Task requirements: Repeat the entries exactly as they are written.

== Segment start ==

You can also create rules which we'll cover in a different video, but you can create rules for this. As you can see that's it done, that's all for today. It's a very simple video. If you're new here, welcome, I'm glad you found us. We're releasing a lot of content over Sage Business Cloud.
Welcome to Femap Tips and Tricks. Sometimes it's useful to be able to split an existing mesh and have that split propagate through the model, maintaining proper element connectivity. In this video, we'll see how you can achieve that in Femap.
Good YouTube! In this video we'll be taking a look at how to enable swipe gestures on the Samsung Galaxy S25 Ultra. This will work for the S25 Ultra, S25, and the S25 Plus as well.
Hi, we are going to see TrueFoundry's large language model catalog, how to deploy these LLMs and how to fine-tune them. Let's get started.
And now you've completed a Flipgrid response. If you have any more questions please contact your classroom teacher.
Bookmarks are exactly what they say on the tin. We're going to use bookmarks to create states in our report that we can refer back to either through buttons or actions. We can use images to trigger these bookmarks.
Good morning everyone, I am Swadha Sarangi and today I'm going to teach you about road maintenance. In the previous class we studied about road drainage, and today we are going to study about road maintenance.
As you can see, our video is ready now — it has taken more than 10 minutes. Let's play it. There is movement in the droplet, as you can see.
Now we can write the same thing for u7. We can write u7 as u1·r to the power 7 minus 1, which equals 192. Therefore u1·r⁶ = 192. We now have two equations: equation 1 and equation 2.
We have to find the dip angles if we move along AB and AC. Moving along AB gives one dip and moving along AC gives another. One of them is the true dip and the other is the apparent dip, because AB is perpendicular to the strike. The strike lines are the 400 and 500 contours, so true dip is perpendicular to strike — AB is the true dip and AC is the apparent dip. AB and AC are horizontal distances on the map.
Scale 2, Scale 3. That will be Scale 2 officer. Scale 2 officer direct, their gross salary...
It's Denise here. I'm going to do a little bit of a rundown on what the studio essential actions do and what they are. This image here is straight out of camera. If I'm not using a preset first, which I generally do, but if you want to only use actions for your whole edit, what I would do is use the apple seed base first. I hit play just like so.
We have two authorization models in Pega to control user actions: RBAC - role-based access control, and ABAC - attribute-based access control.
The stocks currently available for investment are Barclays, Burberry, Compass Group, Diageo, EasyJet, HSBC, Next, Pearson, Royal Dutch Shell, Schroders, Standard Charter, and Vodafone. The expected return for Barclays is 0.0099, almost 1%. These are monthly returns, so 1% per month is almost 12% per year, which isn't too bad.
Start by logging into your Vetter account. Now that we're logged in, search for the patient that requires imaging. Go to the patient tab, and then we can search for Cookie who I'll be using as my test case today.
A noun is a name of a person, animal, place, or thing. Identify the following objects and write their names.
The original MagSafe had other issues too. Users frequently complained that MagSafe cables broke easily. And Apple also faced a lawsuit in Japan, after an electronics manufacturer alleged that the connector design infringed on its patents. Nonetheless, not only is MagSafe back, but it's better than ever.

== Segment end ==

Your response:
You can also create rules which we'll cover in a different video, but you can create rules for this. As you can see that's it done, that's all for today. It's a very simple video. If you're new here, welcome, I'm glad you found us. We're releasing a lot of content over Sage Business Cloud.
Welcome to Femap Tips and Tricks. Sometimes it's useful to be able to split an existing mesh and have that split propagate through the model, maintaining proper element connectivity. In this video, we'll see how you can achieve that in Femap.
Good YouTube! In this video we'll be taking a look at how to enable swipe gestures on the Samsung Galaxy S25 Ultra. This will work for the S25 Ultra, S25, and the S25 Plus as well.
Hi, we are going to see TrueFoundry's large language model catalog, how to deploy these LLMs and how to fine-tune them. Let's get started.
And now you've completed a Flipgrid response. If you have any more questions please contact your classroom teacher.
Bookmarks are exactly what they say on the tin. We're going to use bookmarks to create states in our report that we can refer back to either through buttons or actions. We can use images to trigger these bookmarks.
Good morning everyone, I am Swadha Sarangi and today I'm going to teach you about road maintenance. In the previous class we studied about road drainage, and today we are going to study about road maintenance.
As you can see, our video is ready now — it has taken more than 10 minutes. Let's play it. There is movement in the droplet, as you can see.
Now we can write the same thing for u7. We can write u7 as u1·r to the power 7 minus 1, which equals 192. Therefore u1·r⁶ = 192. We now have two equations: equation 1 and equation 2.
We have to find the dip angles if we move along AB and AC. Moving along AB gives one dip and moving along AC gives another. One of them is the true dip and the other is the apparent dip, because AB is perpendicular to the strike. The strike lines are the 400 and 500 contours, so true dip is perpendicular to strike — AB is the true dip and AC is the apparent dip. AB and AC are horizontal distances on the map.
Scale 2, Scale 3. That will be Scale 2 officer. Scale 2 officer direct, their gross salary...
It's Denise here. I'm going to do a little bit of a rundown on what the studio essential actions do and what they are. This image here is straight out of camera. If I'm not using a preset first, which I generally do, but if you want to only use actions for your whole edit, what I would do is use the apple seed base first. I hit play just like so.
We have two authorization models in Pega to control user actions: RBAC - role-based access control, and ABAC - attribute-based access control.
The stocks currently available for investment are Barclays, Burberry, Compass Group, Diageo, EasyJet, HSBC, Next, Pearson, Royal Dutch Shell, Schroders, Standard Charter, and Vodafone. The expected return for Barclays is 0.0099, almost 1%. These are monthly returns, so 1% per month is almost 12% per year, which isn't too bad.
Start by logging into your Vetter account. Now that we're logged in, search for the patient that requires imaging. Go to the patient tab, and then we can search for Cookie who I'll be using as my test case today.
A noun is a name of a person, animal, place, or thing. Identify the following objects and write their names.
The original MagSafe had other issues too. Users frequently complained that MagSafe cables broke easily. And Apple also faced a lawsuit in Japan, after an electronics manufacturer alleged that the connector design infringed on its patents. Nonetheless, not only is MagSafe back, but it's better than ever.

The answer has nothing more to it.